→ YOUR TASK: Quote all lines below exactly. Images stay out.
[[ EXCERPTED RECORDS, beginning ]]
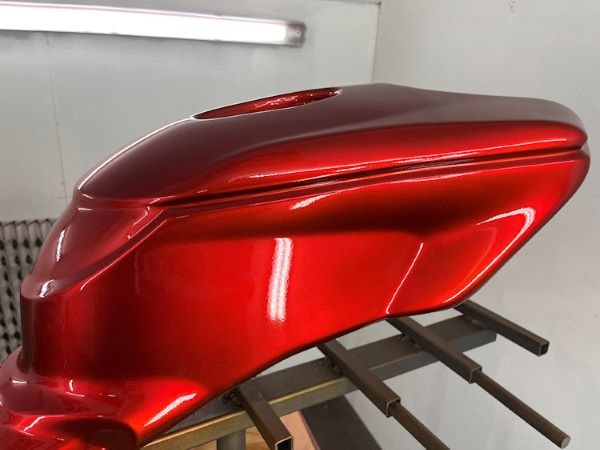 Peinture candy rouge ducati_sbk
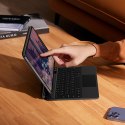 ETUI MAGNETYCZNE + KLAWIATURA BEZPRZEWODOWA Z TOUCHPADEM IPAD PRO 11'' / IPAD AIR 4/5 10.9" SZARY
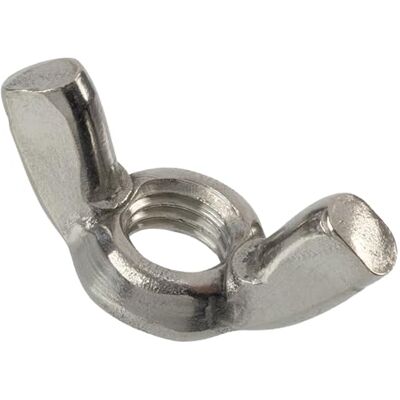 AERZETIX Lot de 12 Écrous papillons à oreilles/ailes M8x1.25 mm pour montage rapide sans outils sur tige filetée, assemblage mécanique et bricolage en acier de couleur argent - Publicité AERZETIX Lot de 12 Écrous papillons à oreilles/ailes M8x1.25 mm pour montage rapide sans outils sur tige filetée, assemblage mécanique et bricolage en acier de couleur argent - Publicité
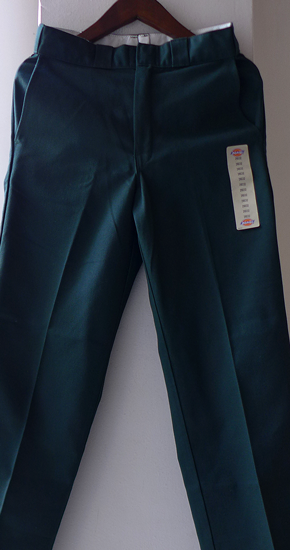 1990s Vintage Dickies 874 T/C Chino Pant Green Dead Stock ...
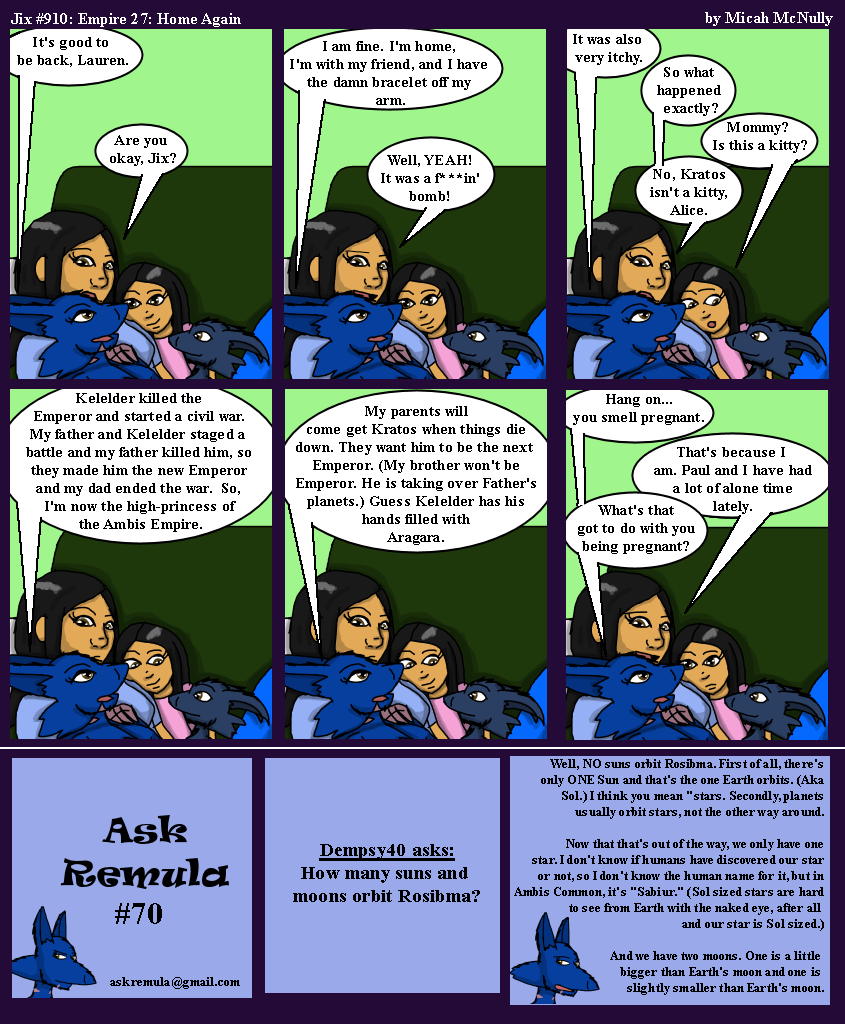 910. Empire 27: Home Again (With Ask Remula 70)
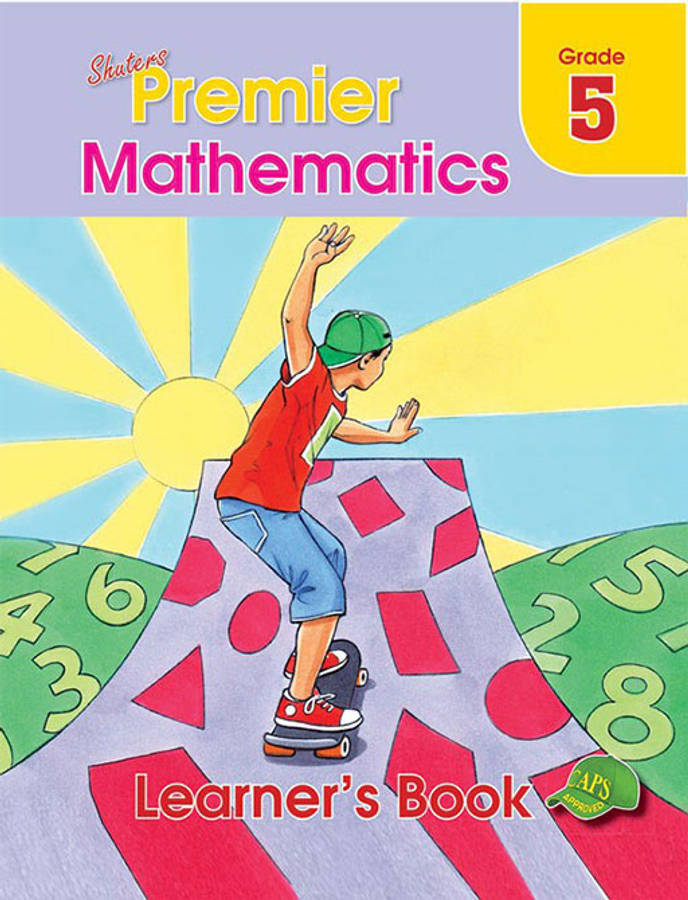 PREMIER MATHS GR5 LEARNER BOOK SECONDHAND - MATHS-GR5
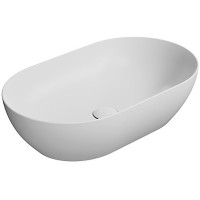 Раковина-чаша GSI Pura 60 883409 Белая матовая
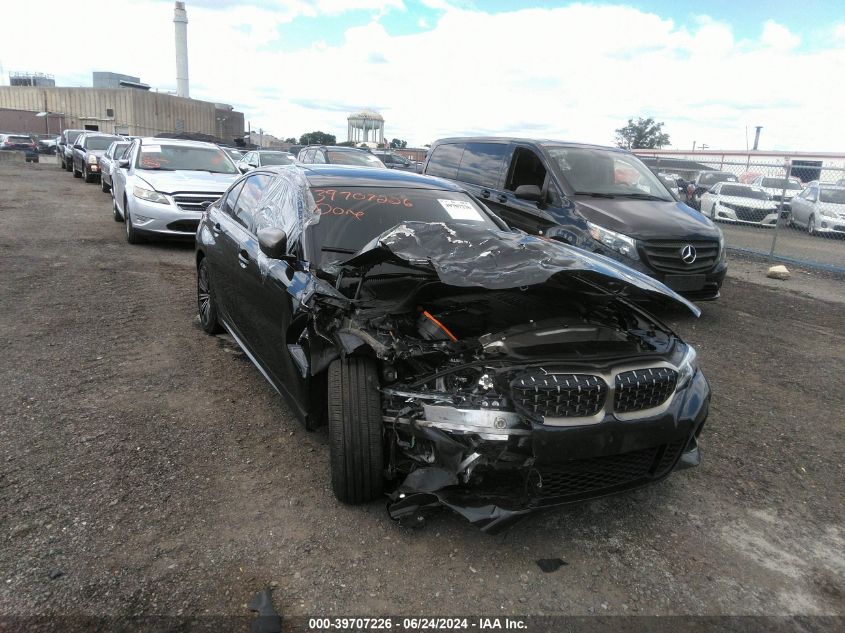 2020 BMW 3 Series M340I xDrive VIN: WBA5U9C04LFH24446 Lot: 39707226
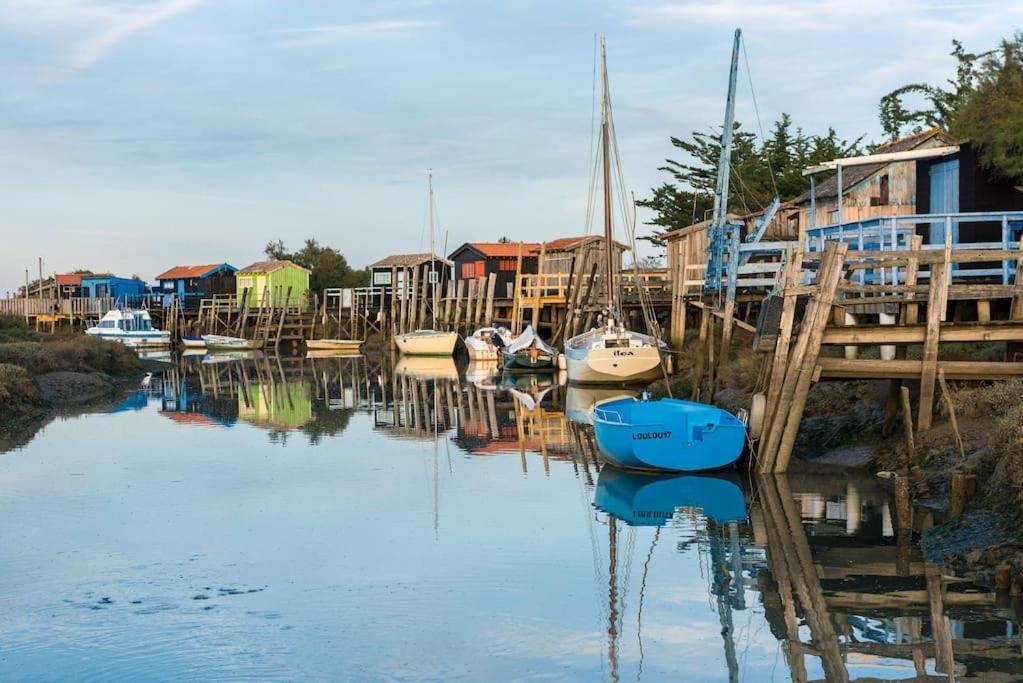 Maison De Village Et Jardin , A Mornac Sur Seudre Bagian luar foto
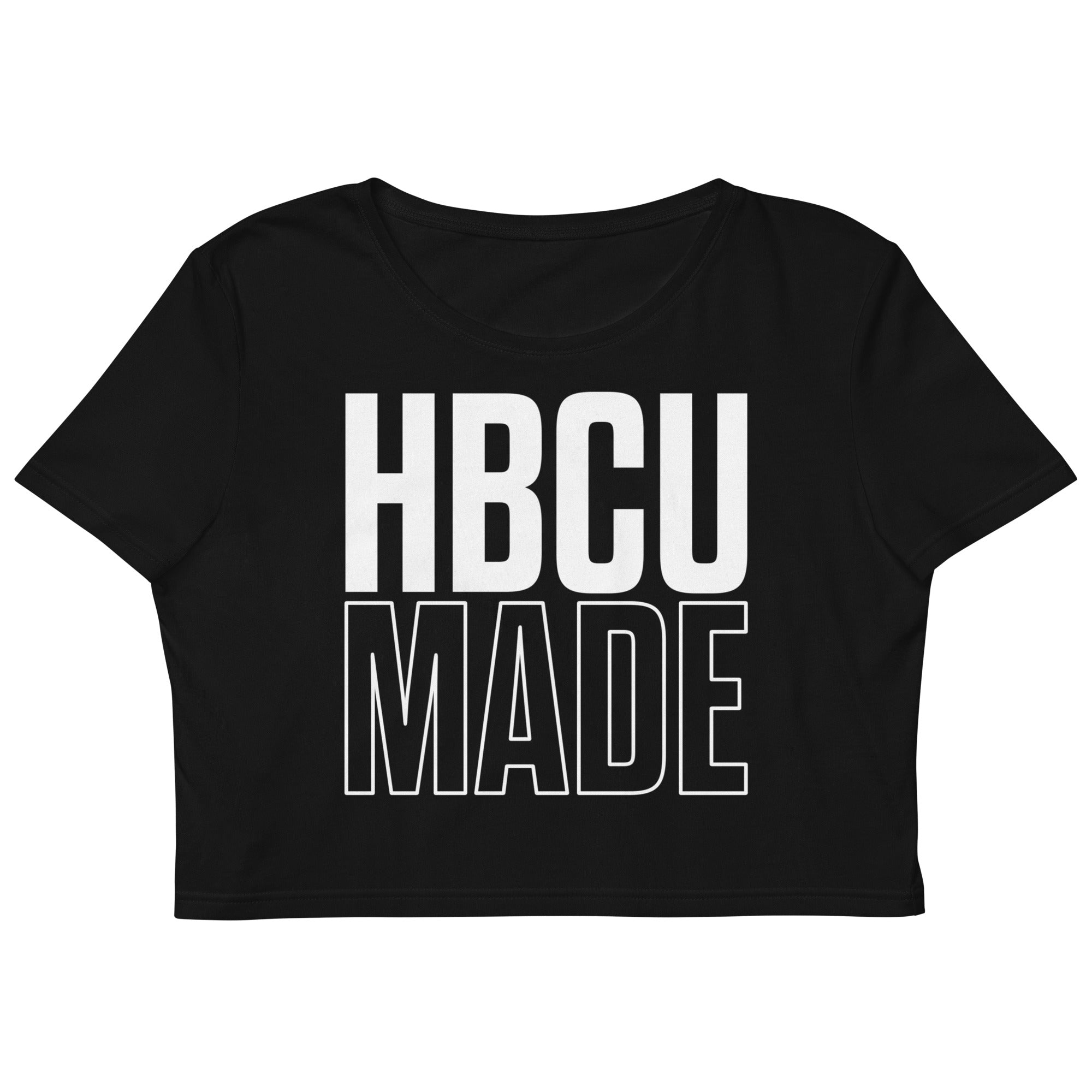 HBCU Made Crop Top - HBCU Buzz Shop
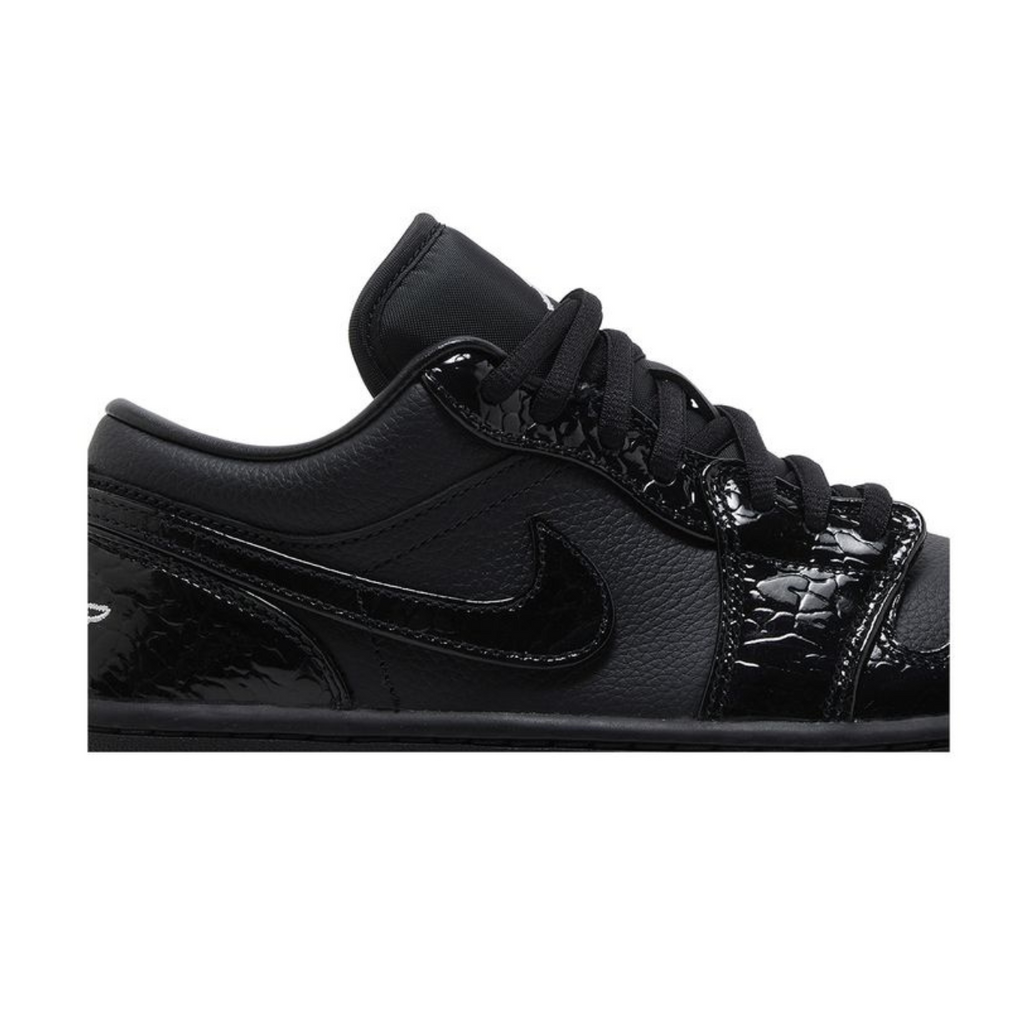 Air Jordan 1 Low SE 'Black Croc' (Unisex)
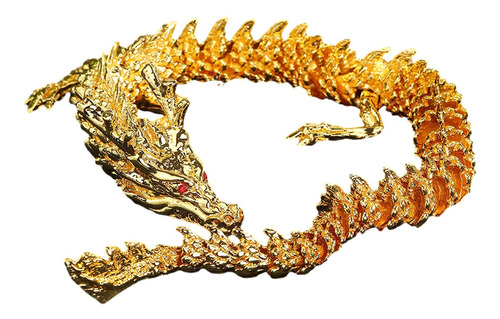 Escultura De Dragón Chino, Centro De Mesa 20 Centímetros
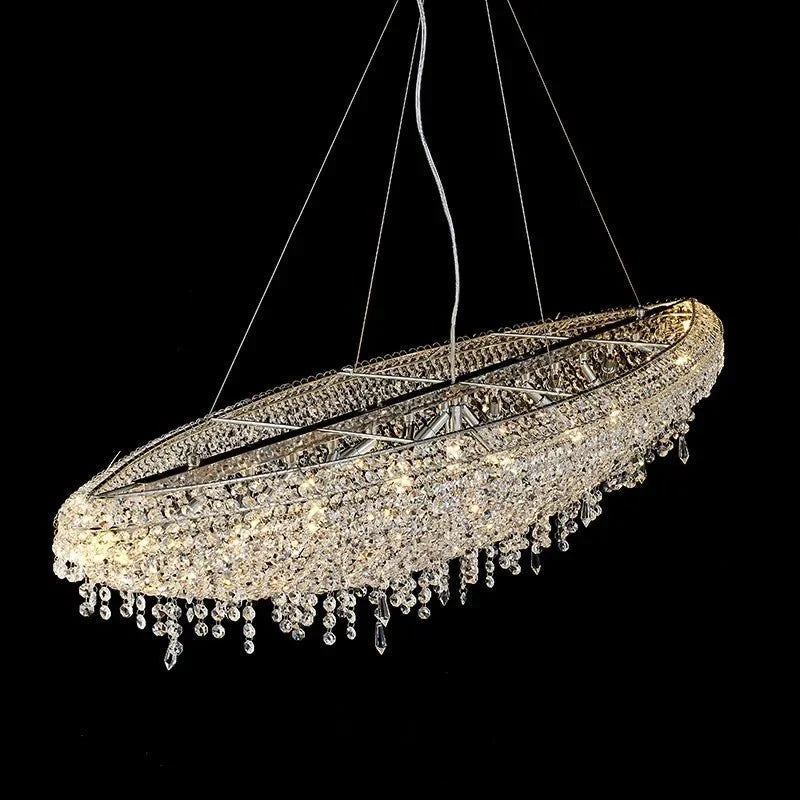 Lustre Alleri en cristal K9 – vue 3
[[ EXCERPTED RECORDS, end ]]
→ YOUR RESPONSE:
 Peinture candy rouge ducati_sbk
 ETUI MAGNETYCZNE + KLAWIATURA BEZPRZEWODOWA Z TOUCHPADEM IPAD PRO 11'' / IPAD AIR 4/5 10.9" SZARY
 AERZETIX Lot de 12 Écrous papillons à oreilles/ailes M8x1.25 mm pour montage rapide sans outils sur tige filetée, assemblage mécanique et bricolage en acier de couleur argent - Publicité AERZETIX Lot de 12 Écrous papillons à oreilles/ailes M8x1.25 mm pour montage rapide sans outils sur tige filetée, assemblage mécanique et bricolage en acier de couleur argent - Publicité
 1990s Vintage Dickies 874 T/C Chino Pant Green Dead Stock ...
 910. Empire 27: Home Again (With Ask Remula 70)
 PREMIER MATHS GR5 LEARNER BOOK SECONDHAND - MATHS-GR5
 Раковина-чаша GSI Pura 60 883409 Белая матовая
 2020 BMW 3 Series M340I xDrive VIN: WBA5U9C04LFH24446 Lot: 39707226
 Maison De Village Et Jardin , A Mornac Sur Seudre Bagian luar foto
 HBCU Made Crop Top - HBCU Buzz Shop
 Air Jordan 1 Low SE 'Black Croc' (Unisex)
 Escultura De Dragón Chino, Centro De Mesa 20 Centímetros
 Lustre Alleri en cristal K9 – vue 3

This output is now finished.